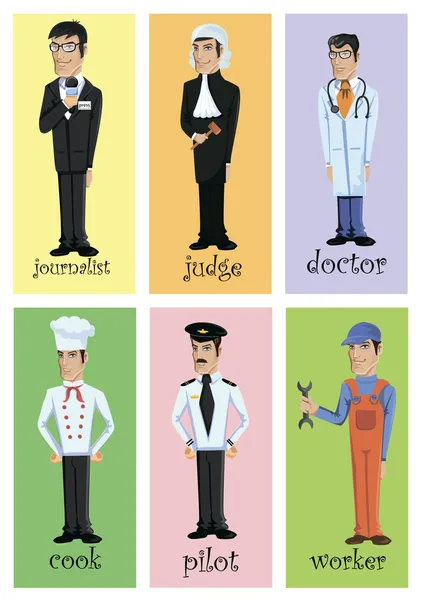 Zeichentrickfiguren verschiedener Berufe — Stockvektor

* * *

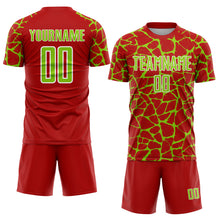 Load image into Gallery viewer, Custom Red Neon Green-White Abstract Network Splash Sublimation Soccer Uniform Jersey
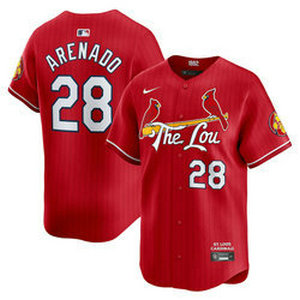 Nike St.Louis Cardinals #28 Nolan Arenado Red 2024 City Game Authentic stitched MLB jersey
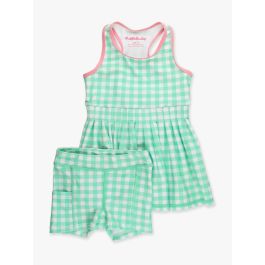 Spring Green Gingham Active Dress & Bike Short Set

Task statement: Print from the line containing "Load image into" through the line containing "Spring Green Gingham" in the data above, exactly as the lines stand, and omit every picture.

Response area:
 Load image into Gallery viewer, Custom Red Neon Green-White Abstract Network Splash Sublimation Soccer Uniform Jersey
 Nike St.Louis Cardinals #28 Nolan Arenado Red 2024 City Game Authentic stitched MLB jersey
 Spring Green Gingham Active Dress & Bike Short Set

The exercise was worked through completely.